BEGIN
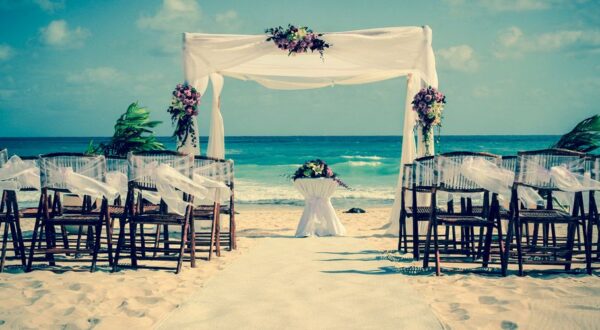 ¿Te gustaría celebrar tu boda a la orilla del mar?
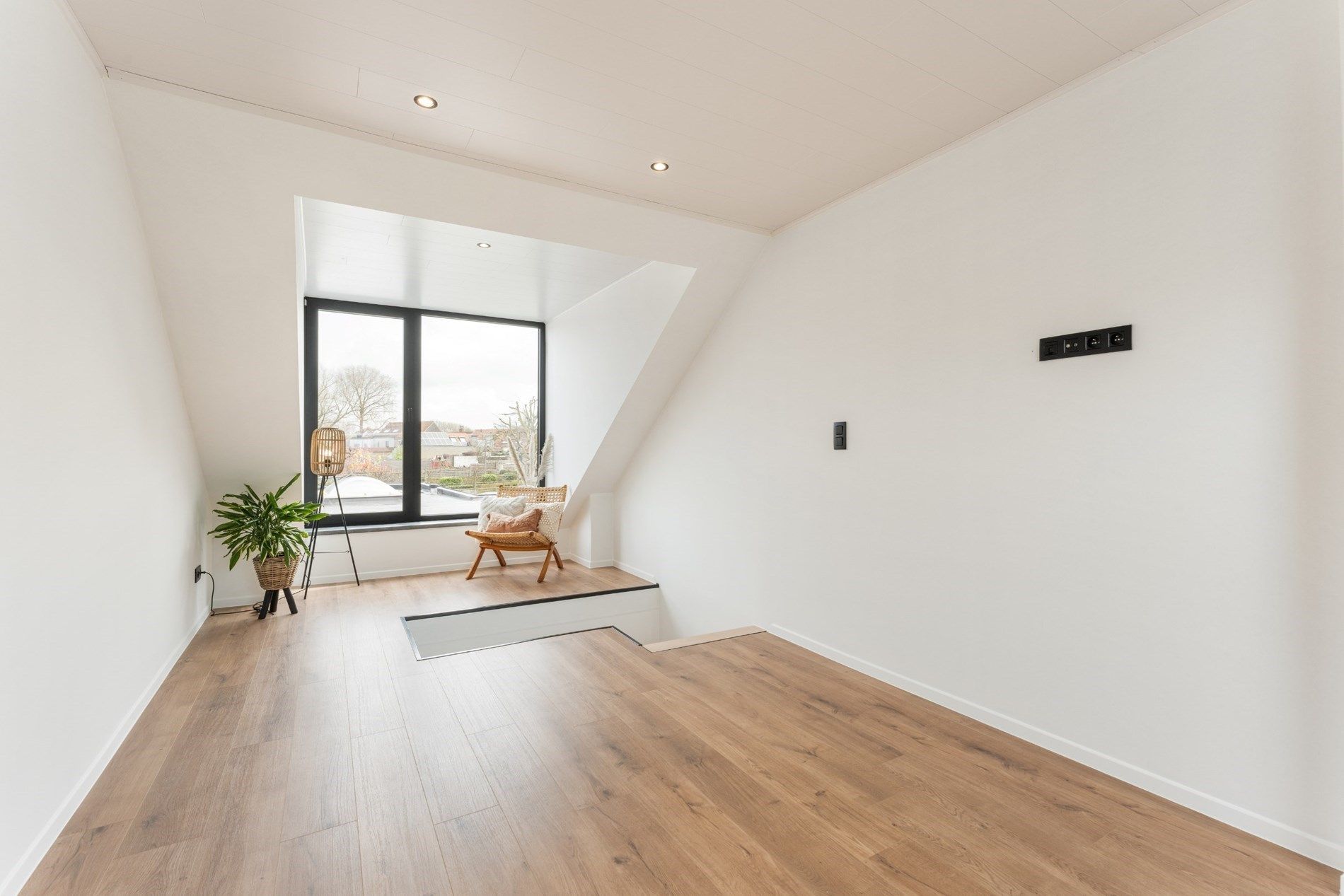 Prachtig vernieuwde woning in het dorp van Lissewege foto 15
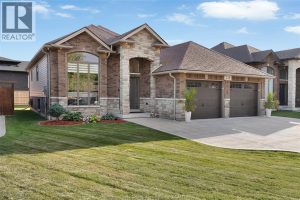 5-bedroom home for sale in Lakeshore — 231 Summer Street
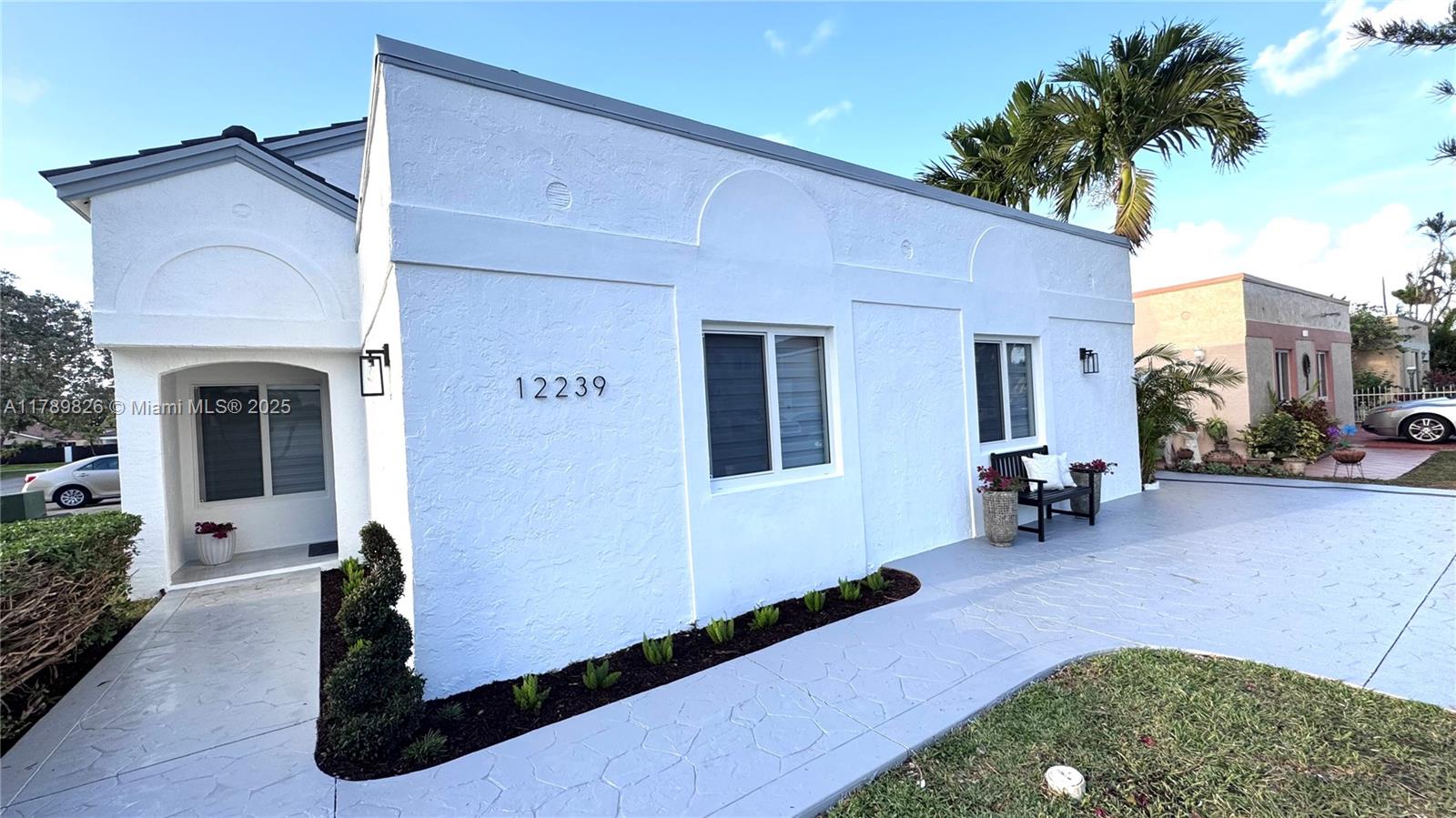 12239 NW 7th St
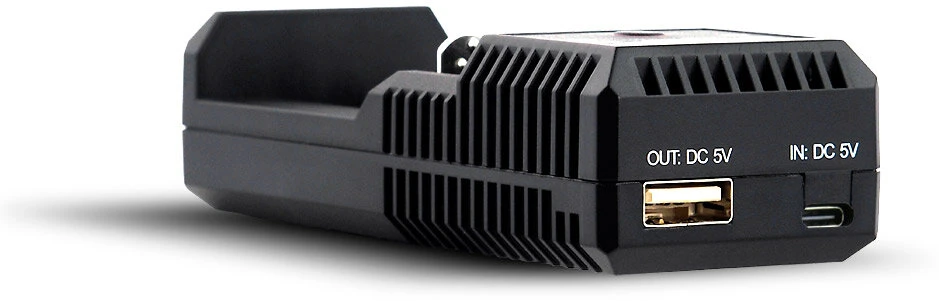 everActive universalus Li-Ion/LiFePO4 ir Ni-MH akumuliatorių kroviklis su Powerbank funkcija UC100C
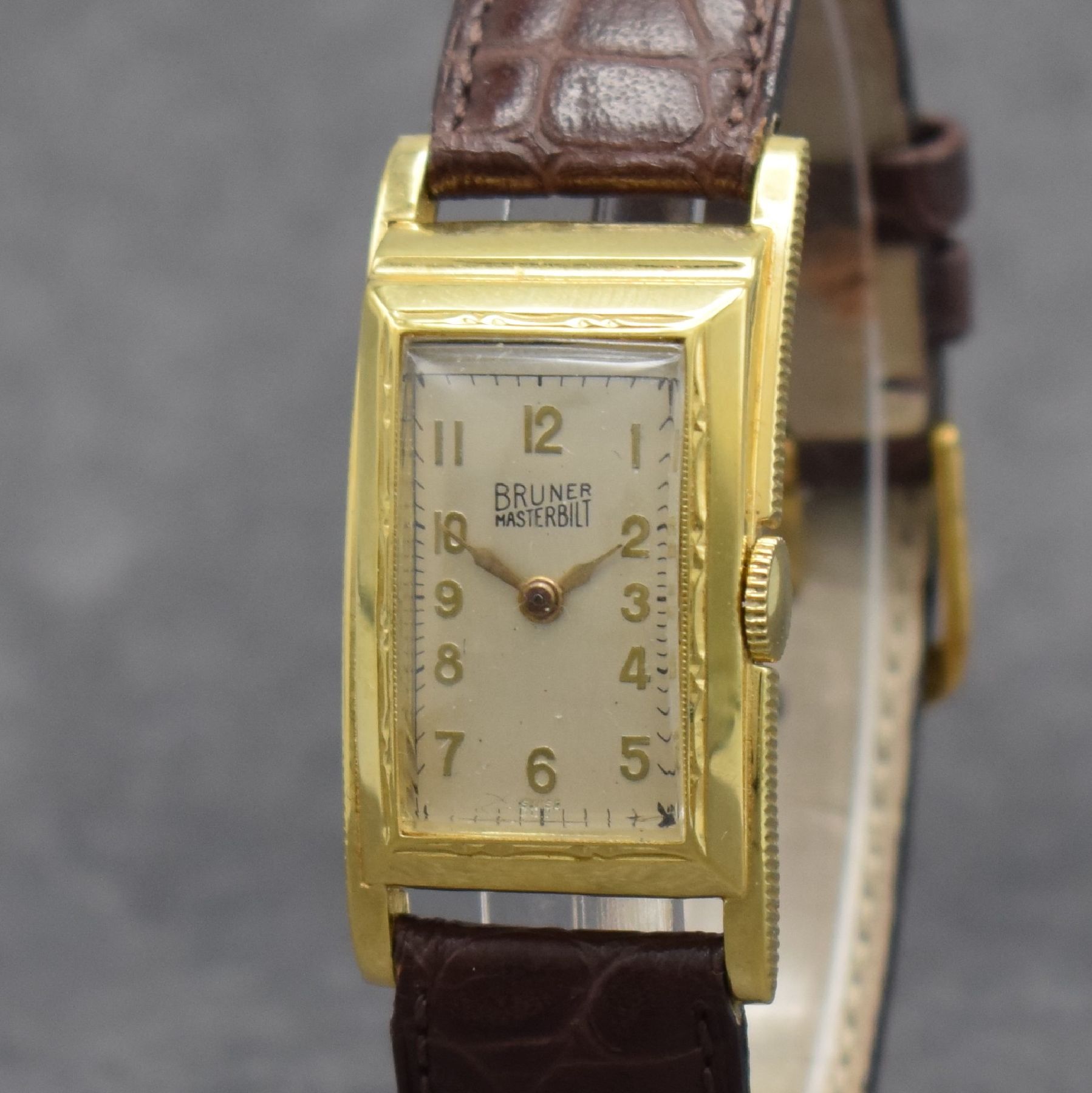 Detail c: BRUNER Masterbilt vergoldete, pultförmige asymetrische Armbanduhr, Schweiz/USA um 1960, Boden aufgedr., silb. Zifferbl. m. arab. Std., Anz. v. Std. ...
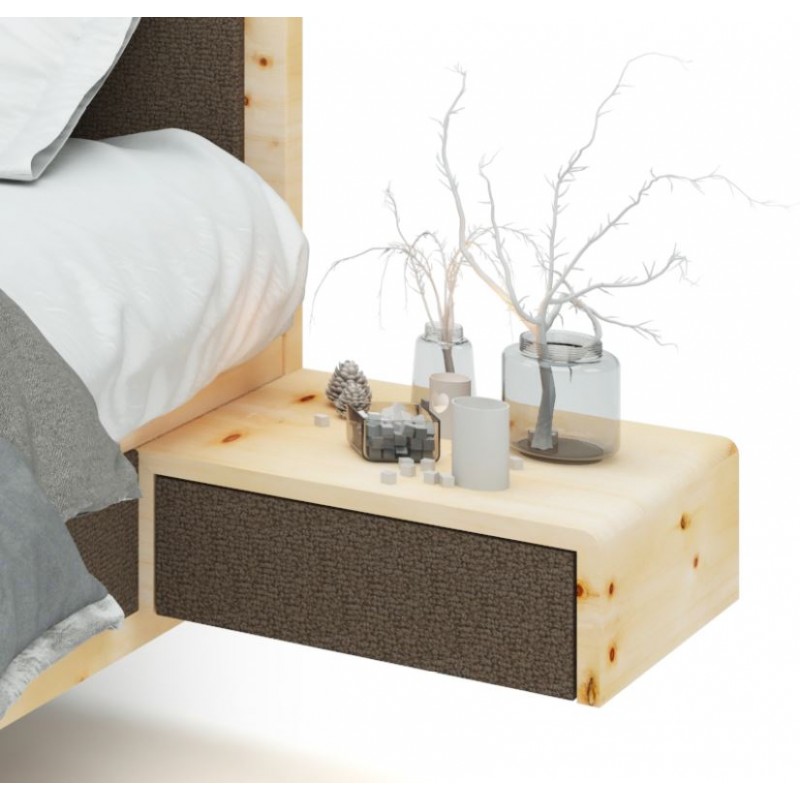 Modernes Zirbenholzbett mit Kopfteil in Lederoptik rund nach hinten gebogen. Nachtkästchen in Lederoptik.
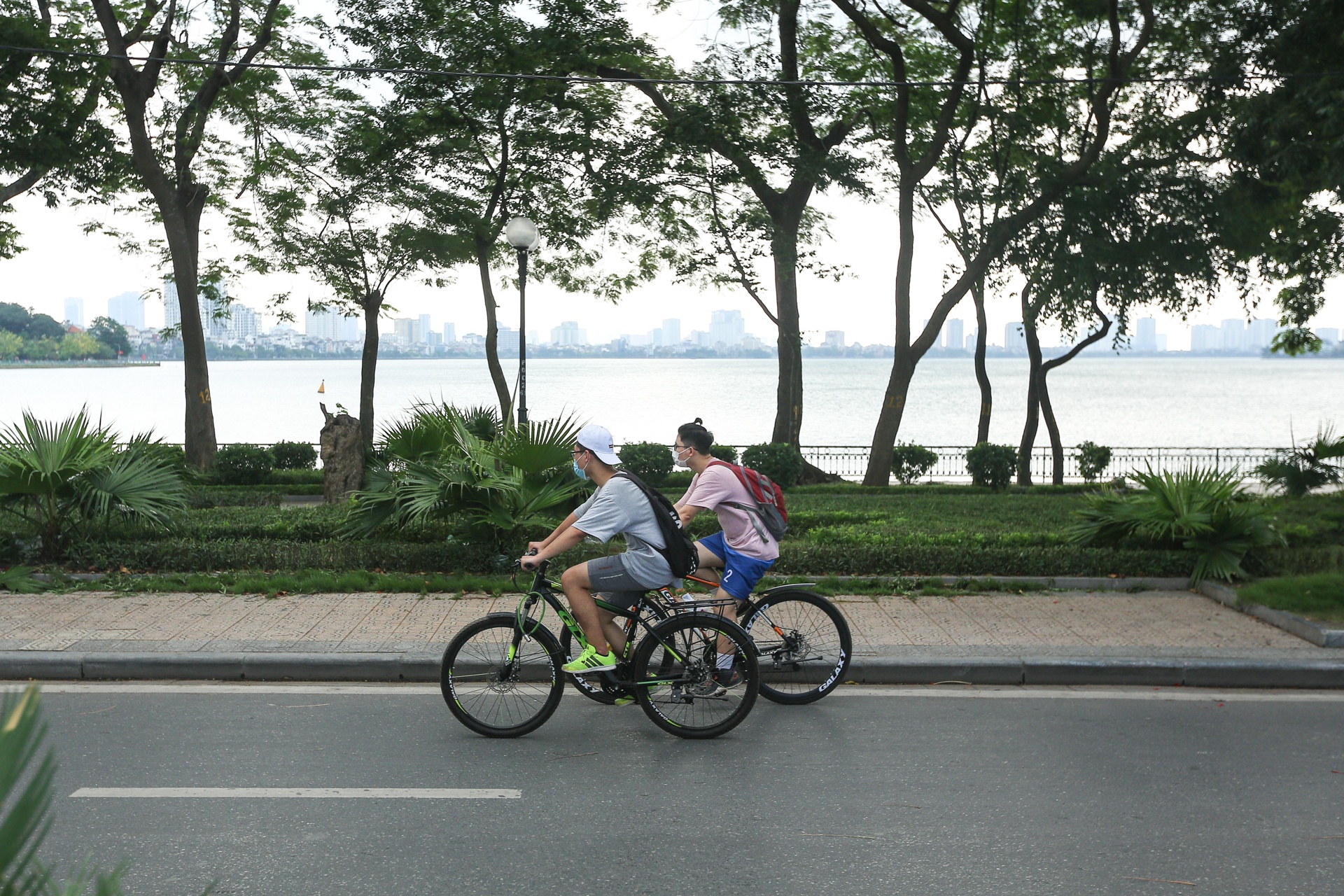 Ha Noi vang ve sau lenh dong cua hang quan anh 16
END
• **WHAT IS BEING ASKED**: Apart from the images, print all the material above exactly as given.

• **RESPONSE**:
 ¿Te gustaría celebrar tu boda a la orilla del mar?
 Prachtig vernieuwde woning in het dorp van Lissewege foto 15
 5-bedroom home for sale in Lakeshore — 231 Summer Street
 12239 NW 7th St
 everActive universalus Li-Ion/LiFePO4 ir Ni-MH akumuliatorių kroviklis su Powerbank funkcija UC100C
 Detail c: BRUNER Masterbilt vergoldete, pultförmige asymetrische Armbanduhr, Schweiz/USA um 1960, Boden aufgedr., silb. Zifferbl. m. arab. Std., Anz. v. Std. ...
 Modernes Zirbenholzbett mit Kopfteil in Lederoptik rund nach hinten gebogen. Nachtkästchen in Lederoptik.
 Ha Noi vang ve sau lenh dong cua hang quan anh 16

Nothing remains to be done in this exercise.